## TASK REQUIREMENTS
Check every line of the entries below for "easily", and copy the lines that have it.
INPUT FOR THIS TASK START
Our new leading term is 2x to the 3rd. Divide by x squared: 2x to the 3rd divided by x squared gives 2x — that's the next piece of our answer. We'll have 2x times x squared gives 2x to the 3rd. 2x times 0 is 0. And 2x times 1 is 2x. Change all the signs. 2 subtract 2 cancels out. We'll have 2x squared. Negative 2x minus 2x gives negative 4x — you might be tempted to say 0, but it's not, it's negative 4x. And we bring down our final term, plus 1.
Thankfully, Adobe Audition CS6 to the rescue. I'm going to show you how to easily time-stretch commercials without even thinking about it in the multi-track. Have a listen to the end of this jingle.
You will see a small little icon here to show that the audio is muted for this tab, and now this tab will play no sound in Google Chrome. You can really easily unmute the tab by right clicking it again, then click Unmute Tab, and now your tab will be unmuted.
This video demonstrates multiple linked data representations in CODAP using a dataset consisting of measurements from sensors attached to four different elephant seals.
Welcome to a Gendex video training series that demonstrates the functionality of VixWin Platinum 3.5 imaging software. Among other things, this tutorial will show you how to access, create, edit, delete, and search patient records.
INPUT FOR THIS TASK END
INPUT FOR THIS TASK START
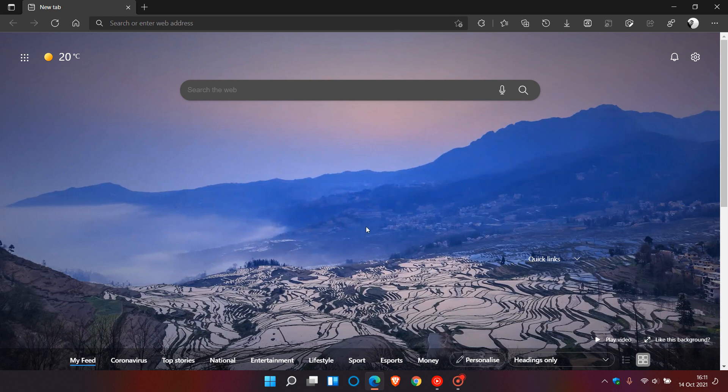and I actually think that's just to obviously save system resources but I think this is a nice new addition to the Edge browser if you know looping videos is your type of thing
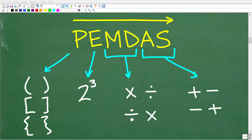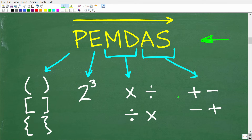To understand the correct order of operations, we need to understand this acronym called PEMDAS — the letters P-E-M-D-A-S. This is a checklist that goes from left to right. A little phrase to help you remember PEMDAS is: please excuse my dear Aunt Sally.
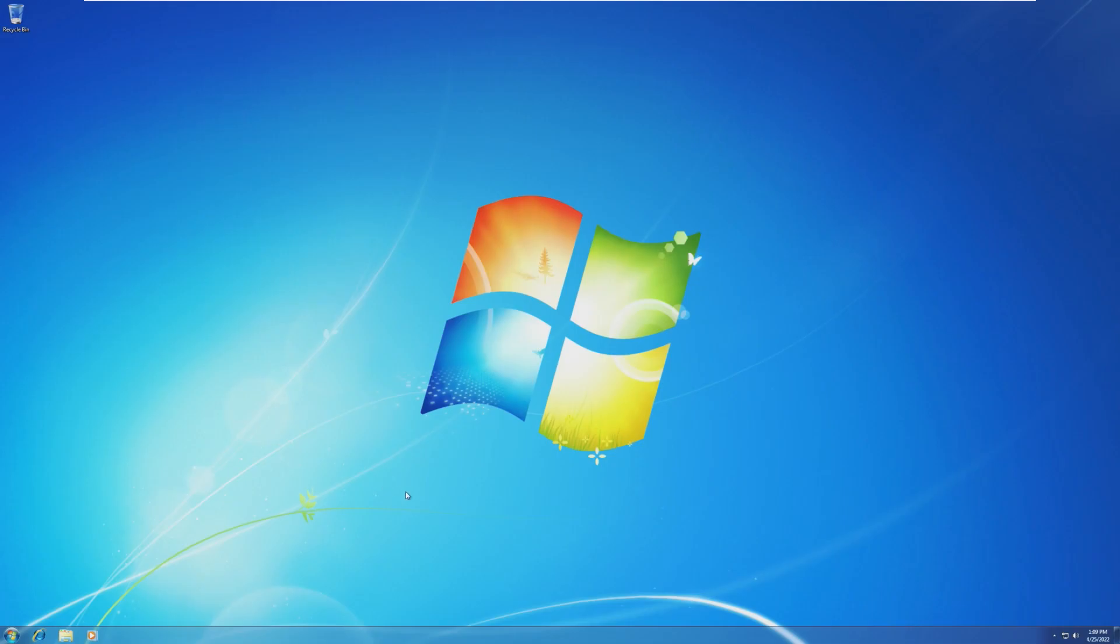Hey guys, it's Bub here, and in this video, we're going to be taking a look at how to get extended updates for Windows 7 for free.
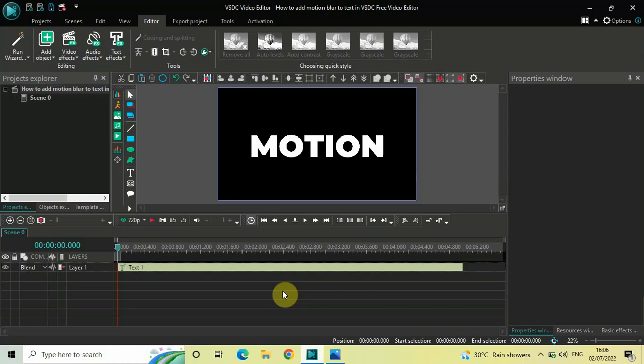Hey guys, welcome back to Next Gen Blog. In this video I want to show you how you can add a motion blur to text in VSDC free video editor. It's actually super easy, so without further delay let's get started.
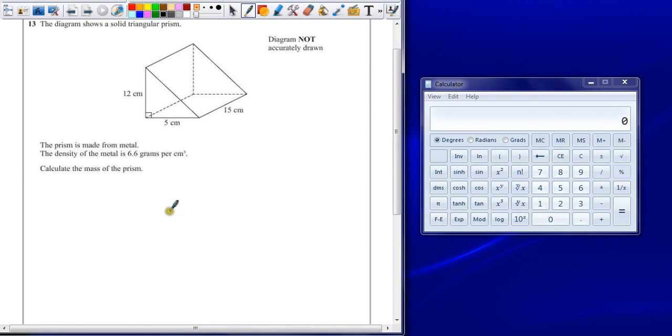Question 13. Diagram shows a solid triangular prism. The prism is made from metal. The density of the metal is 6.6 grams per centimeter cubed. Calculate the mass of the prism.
INPUT FOR THIS TASK END
## YOUR RESPONSE
Thankfully, Adobe Audition CS6 to the rescue. I'm going to show you how to easily time-stretch commercials without even thinking about it in the multi-track. Have a listen to the end of this jingle.
You will see a small little icon here to show that the audio is muted for this tab, and now this tab will play no sound in Google Chrome. You can really easily unmute the tab by right clicking it again, then click Unmute Tab, and now your tab will be unmuted.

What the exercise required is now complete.